- Type: Radial engine
- National origin: Japan
- Manufacturer: Hitachi
- First run: 1944
- Number built: 4

= Hitachi Ha-51 =

Aircraft engine

The Hitachi Ha-51 (unified designation), was a Japanese air-cooled twenty-two-cylinder twin-row radial aircraft engine designed by Hitachi during the final years of World War II. The first prototype ran in 1944 at a rating of 1772 kW, but only four examples were built. In August 1945, development was halted. The engine had yet to find an application and bombing had destroyed the factory where production was to take place.

==Design==
In 1942, the most powerful Japanese aircraft engine in service produced less than 2000 hp and the Imperial Japanese Army understood that this constrained the development of higher performance aircraft. In response, in December 1942, the Army issued a request for a new radial aircraft engine capable of more than 2500 hp which was to be designated Ha.51. Two companies responded, Nakajima and Hitachi. The Hitachi engine was designed at the company’s engine plant in Tachikawa as a 22-cylinder engine, with cylinders arranged as a two-row radial engine with 11 cylinders per row instead of 9.

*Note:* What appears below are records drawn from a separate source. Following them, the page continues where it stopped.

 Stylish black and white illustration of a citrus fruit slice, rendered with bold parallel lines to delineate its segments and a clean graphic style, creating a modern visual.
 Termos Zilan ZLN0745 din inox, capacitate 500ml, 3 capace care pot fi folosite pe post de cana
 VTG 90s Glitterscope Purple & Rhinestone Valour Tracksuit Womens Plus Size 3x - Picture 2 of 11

The resulting Hitachi design was one of the first radial aircraft engines with more than twenty cylinders developed anywhere in the world. The engine had a steel crankcase, with an aluminium head mounted on steel cylinders each of bore 130 mm and stroke 150 mm, similar to the eighteen-cylinder Nakajima Homare, but angled at 60° rather than 78° to accommodate the additional four cylinders.

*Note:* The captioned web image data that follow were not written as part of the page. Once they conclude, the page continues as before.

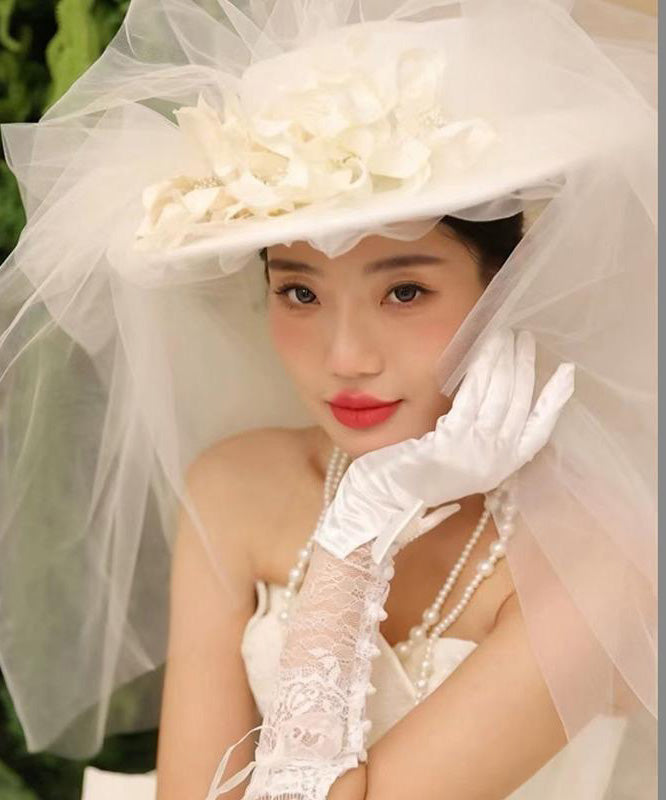 French Style Organza Hat Handmade Twisted Flower Accessory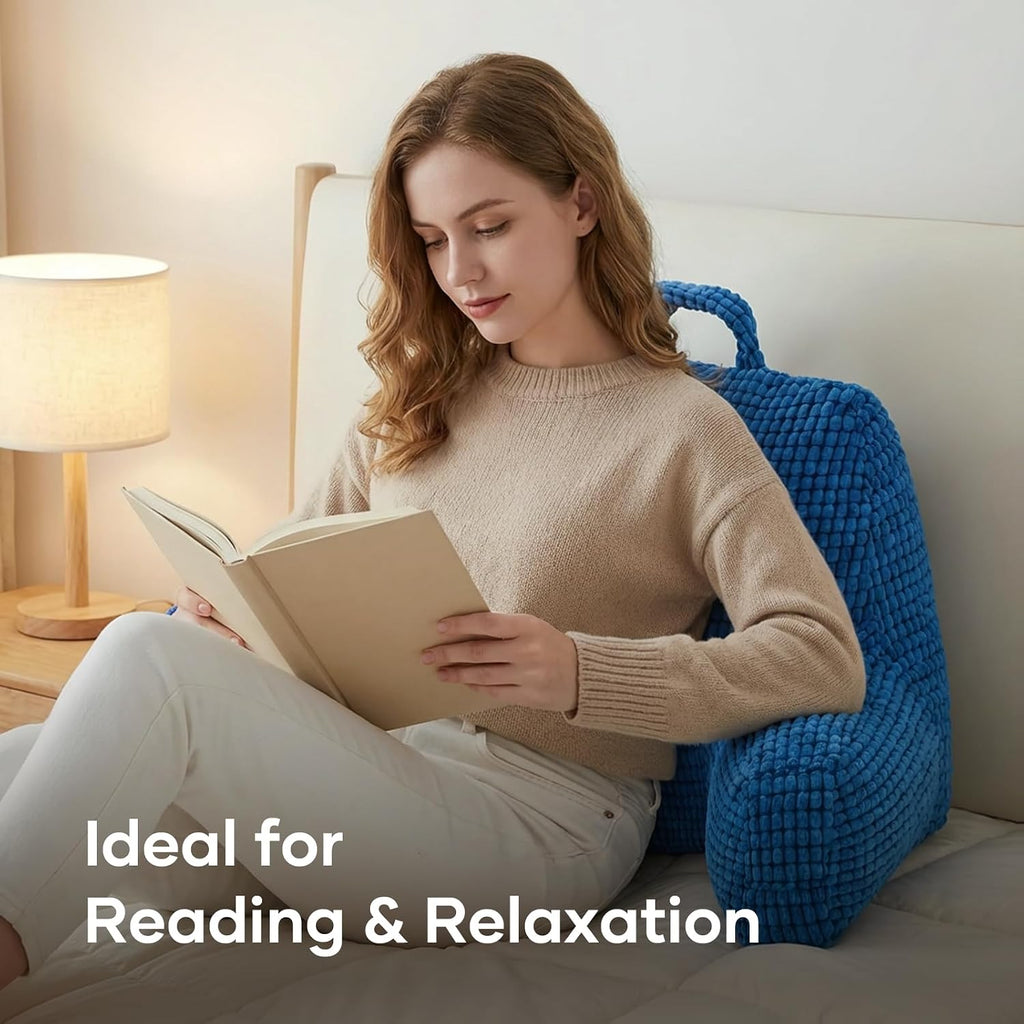 NOONTIDE Reading Pillow with Top Handle, Uniquely Designed Soft Fabric, Ergonomic Back Support for Bed, Cover Washable Sit up…
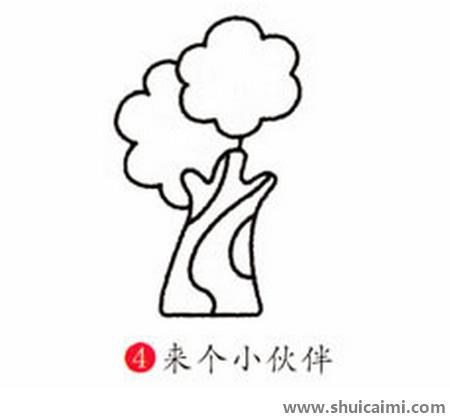 榕树儿童简笔画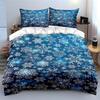 White snowflakes on blue. Bedding sets Duvet cover sets Duvet covers Pillowcases(1 * Duvet Cover 2 * Pillowcases without duvet insert)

Five engines were ordered and three built. The first ran in 1944. One prototype engine was built and ran for 100 hours on test. The engine reported very high oil consumption, up to 20g/kW⋅h, which was attributed to the rigidity of the crankcase.

The factory was bombed on 24 April 1945 and the programme was halted. The Japanese Army did not have an aircraft available that needed the engine and development had taken substantial resources and these were to redirected to producing engines that had a more immediate need.

==Surviving engines==
A single example found at Haneda is on display at the museum next to Narita airport.